Photos courtesy Pritzker Prize
The Pritzker Architecture Prize has appointed Alejandro Aravena as chair of the Pritzker Architecture Prize jury and Manuela Lucá-Dazio as an advisor to the Prize and the next executive director, beginning in March 2021.
The Pritzker Prize is known internationally as architecture’s highest honor, and this coming year will mark the 43rd year of the accolade.
“We are pleased to welcome back Alejandro Aravena, and in a renewed capacity, as he brings with him a fresh model of leadership to steward our independent, international, and esteemed jury,” commented Tom Pritzker, chairman of the Hyatt Foundation. “Likewise, we are delighted to work with Manuela Lucá-Dazio in this new season as we continue our privilege of honoring architects who have impressed upon the industry through the art of architecture and their service to humanity.”

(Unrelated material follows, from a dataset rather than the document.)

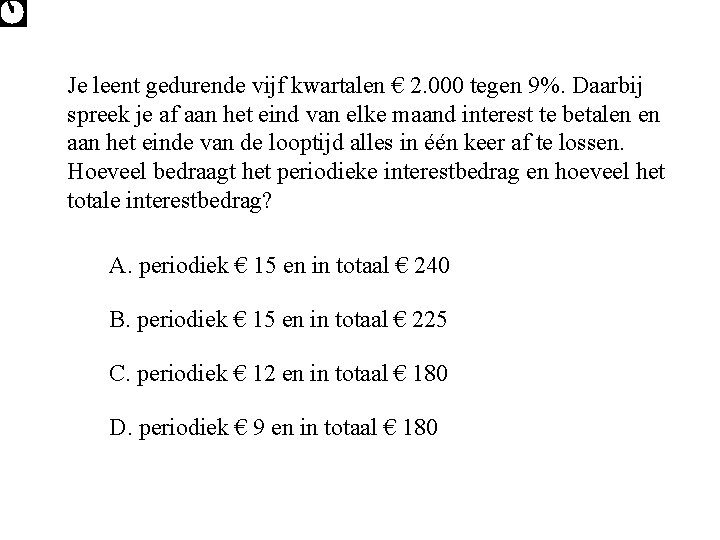 Je leent gedurende vijf kwartalen € 2. 000 tegen 9%. Daarbij spreek je af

Aravena, 2016 Pritzker Prize Laureate, is founder and executive director of ELEMENTAL, a “Do Tank” focusing on projects of public interest and social impact including housing, public space, infrastructure, and transportation. His mastery of architecture aides his commitment to society, resulting in works and activism that respond to social, humanitarian, and economic needs, a press release from Pritzker Architecture Prize said.
“Historically, architecture has been about creating innovative alternatives and imagining possibilities, but it is also intimately connected with society. As jurors, our task is, first, to be sensitive to those questions society would like the architectural profession to address, and to identify those architects that are trying to use the discipline’s body of knowledge to translate those questions into projects,” said Aravena. “I am honored to join this group effort aimed to improve the quality of the built environment.”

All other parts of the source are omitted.